Потому что в Петербурге всего два нормальных музея, да и те редко балуют. Частных институций нет, галерей три, средств массовой информации полторы рабочих единицы. Поэтому приходится балансировать на грани маргинальных художественных практик. Только здесь мог появиться художник agon nogaсо со своим «Ну вот нашел ты смысл жизни — и чего». Из нароста граффити образуется не памятник, потому что смотри выше про макет, а чижик-пыжик или котик. Салонная камерная пластика, обращенная к сомнительным легендам. Не то чтобы мы в них верили, просто иногда хочется казаться, будто мы тоже люди.

В Москве производят события. В Питере их не замечают.

Одна художница написала в социальной сети, как она пропустила все события в Петербурге за лето. Мы взяли их и посчитали в комментариях.
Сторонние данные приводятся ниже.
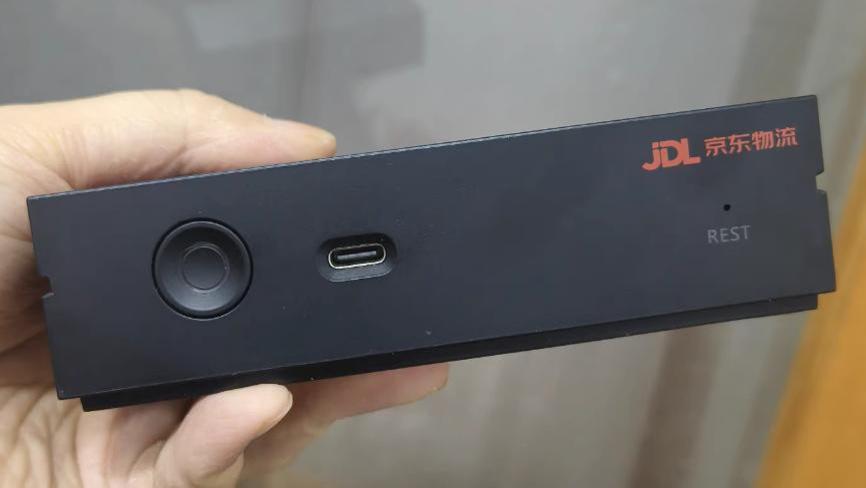 二手鱼流入京东淘汰的迷你主机，东哥家的配置很OK，建议捡漏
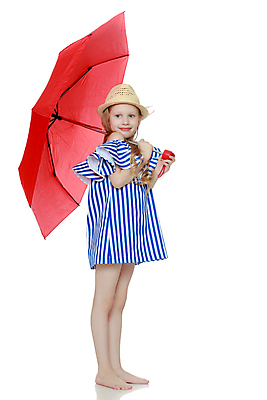 포토 JPG 해외이미지 백인 모델 여자 딸 행복 얼굴 어린이 포즈 백그라운드 우산 날씨 손잡이 한명 미소 사람 물 컬러풀 금발 태양 뷰티 유행 귀여움 보호 작음 날씬함 양산 해외포토 자연요소 서양인 1 헤어스타일 감정 컬러 컨셉 가족 표정 신체부위 크기 몸매 파일형식 이미지허브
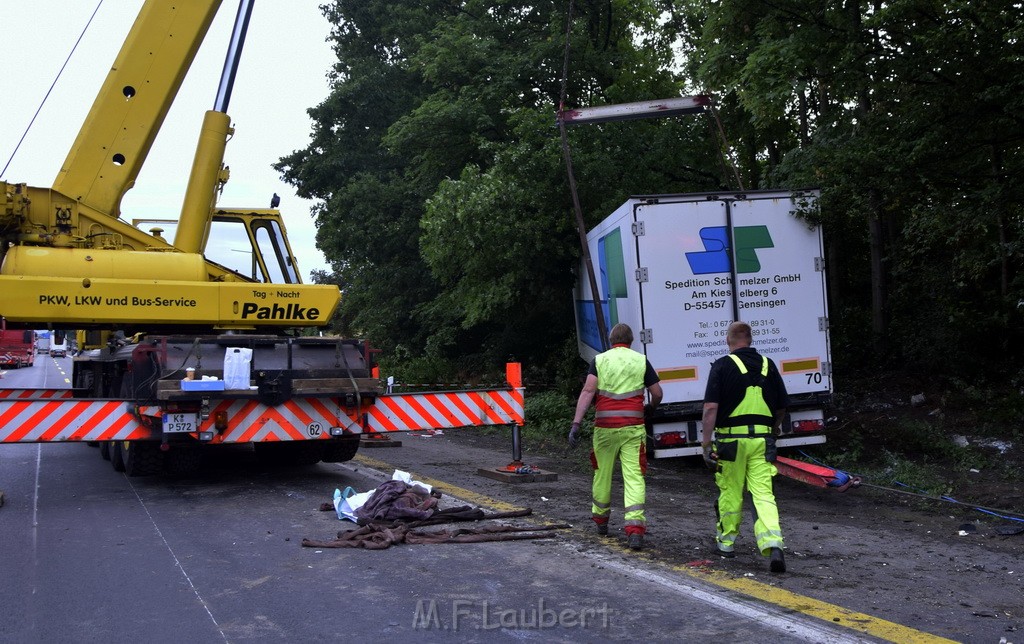 Schwerer VU A 3 Rich Oberhausen Hoehe AK Leverkusen P299.JPG - Miklos Laubert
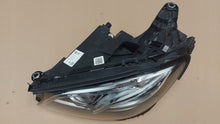 Laden Sie das Bild in den Galerie-Viewer, Frontscheinwerfer Mercedes-Benz W213 A2139062506 Full LED Links Headlight SCH7232194800wz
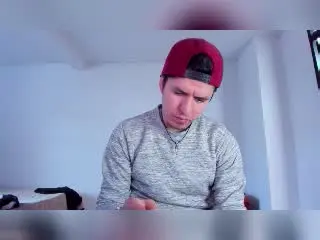 Xlovecam Live Sex Cam of DreamHunterdz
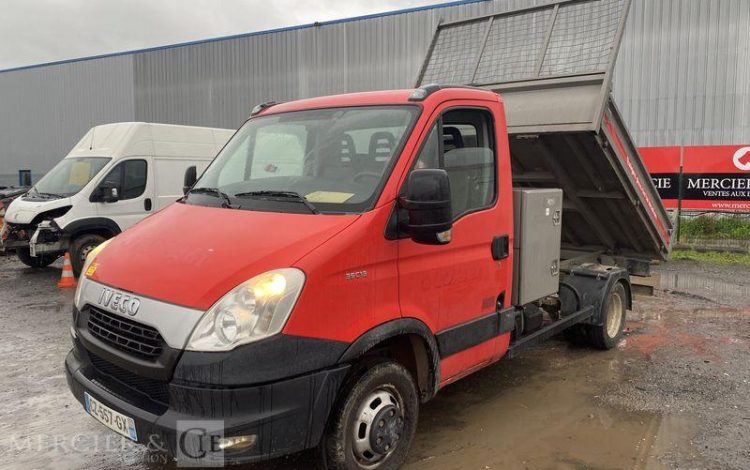 IVECO 35C13 BENNE SIMPLE CABINE COFFRE – NON ROULANT  CZ-557-GX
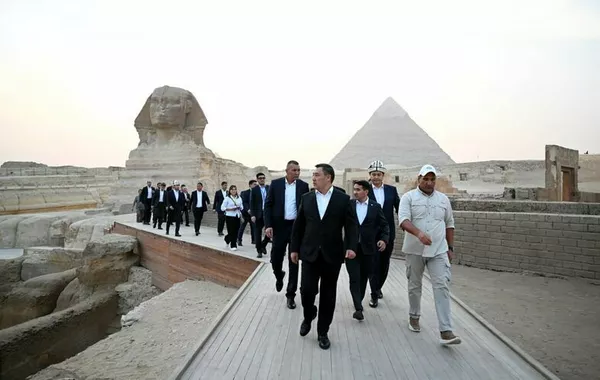 Kyrgyz President Explores Egypt’s Pyramids and Grand Egyptian Museum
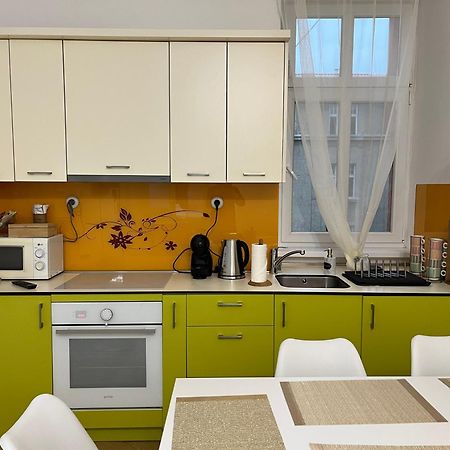 סראייבו Main Street Retreat Apartment With Free Parking מראה חיצוני תמונה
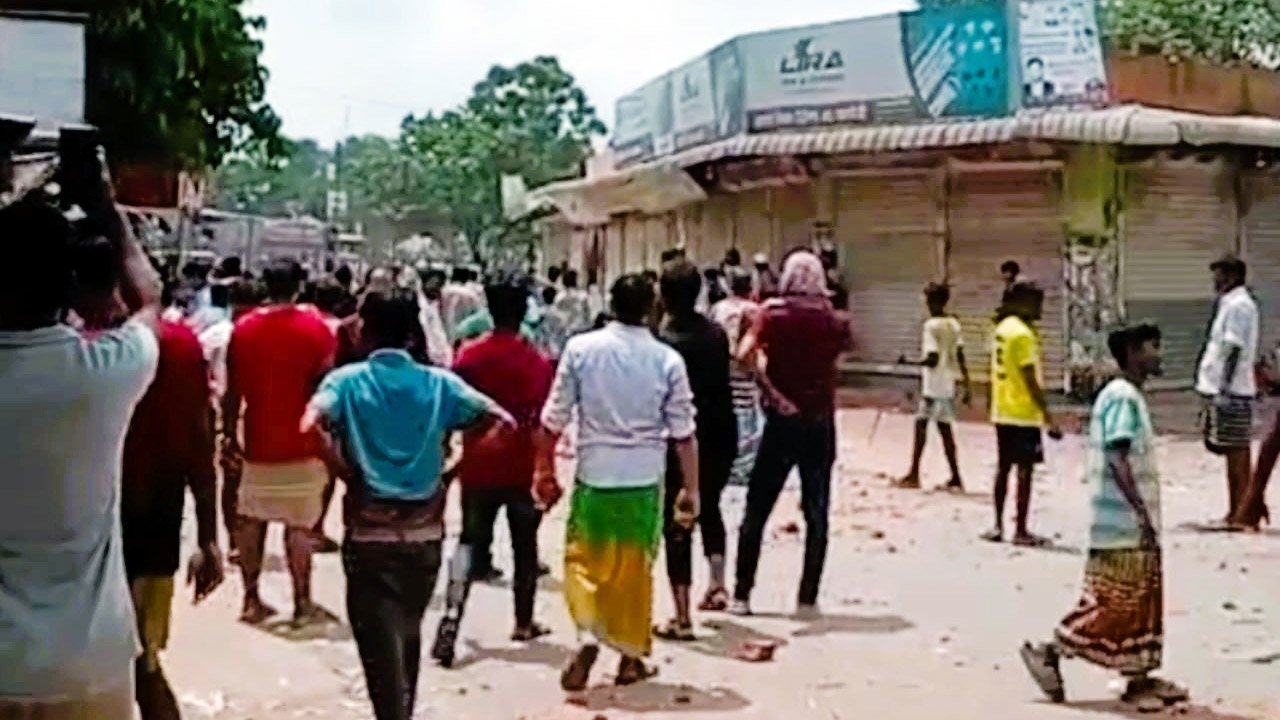 সিরাজদীখানে দুই গ্রামের সংঘর্ষে ৩০ জন আহত, ৬ জন টেঁটাবিদ্ধ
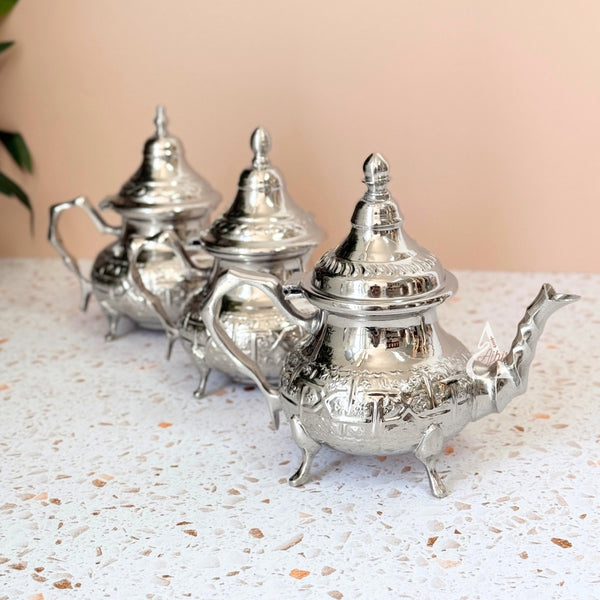 Théière artisanale à pieds en laiton Zwak (2 personnes)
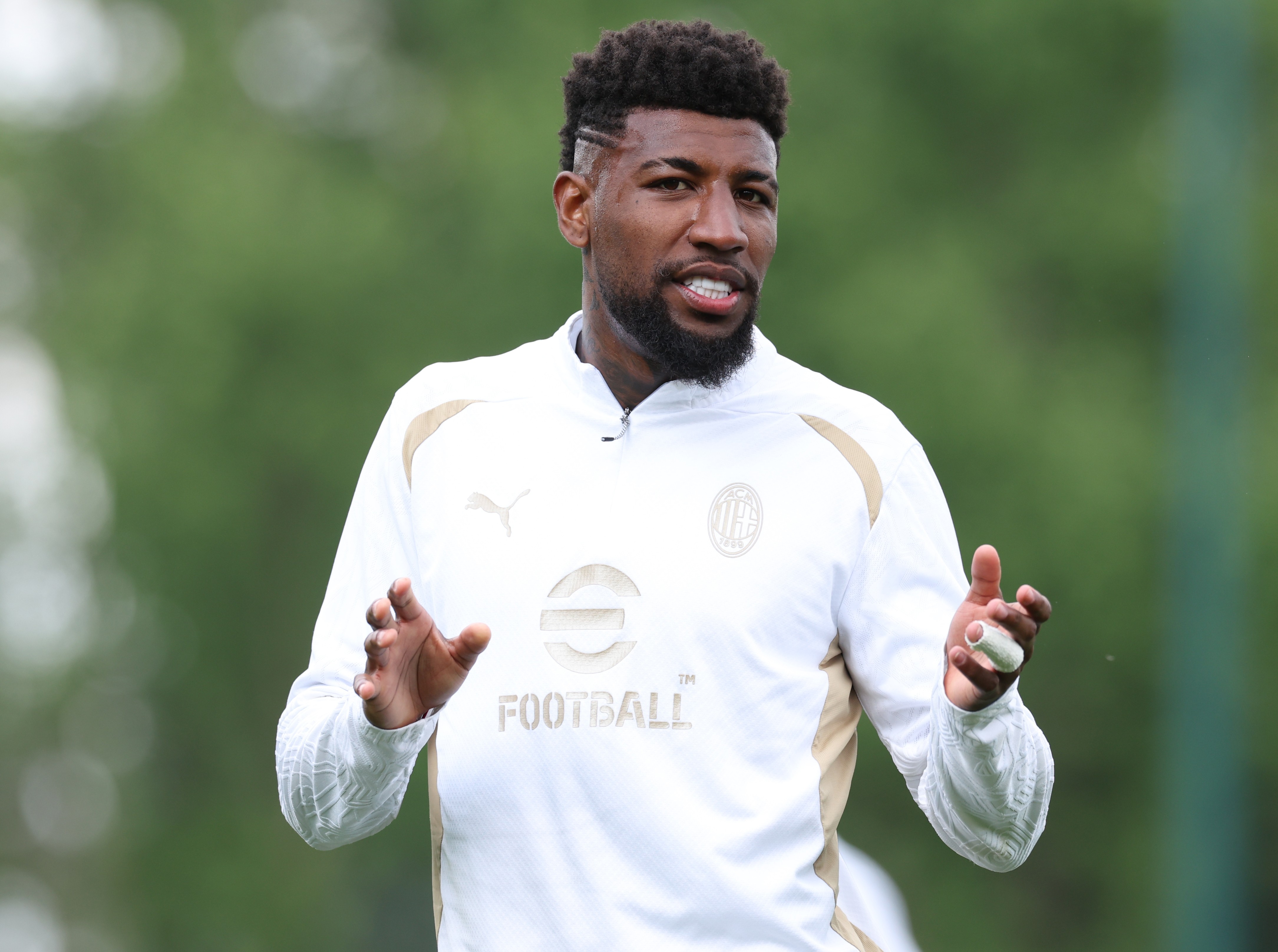Flamengo contrata Emerson Royal para reforçar o elenco Rubro-Negro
Она пропустила три.

В Москве можно поднять камень с земли, наклеить стикер «всего 999 рублей» — и его тут же купят. В Питере на земле написаны телефоны девушек, которые знают себе цену, но скрывают ее.

Один местный инфлюенсер года три назад опубликовал путеводитель для москвичей, где, помимо прочего, слезно уговаривал их не звонить по телефонам, написанным на земле. У путеводителя был миллион просмотров и тысяч пятнадцать репостов, но иллюзии москвичей крепки, как их либидо.

В Москве и Питере все разное, одинаковый только «Сапсан».

Нет такого города Питер. «Сапсан» идет в Петербург с Ленинградского вокзала.

Я люблю оба города. Всю жизнь замужем за Петербургом, от которого все время сбегаю к задушевной подруге Москве. Но ненадолго, потому что обязательства, обстоятельства, да и вообще над отношениями надо работать.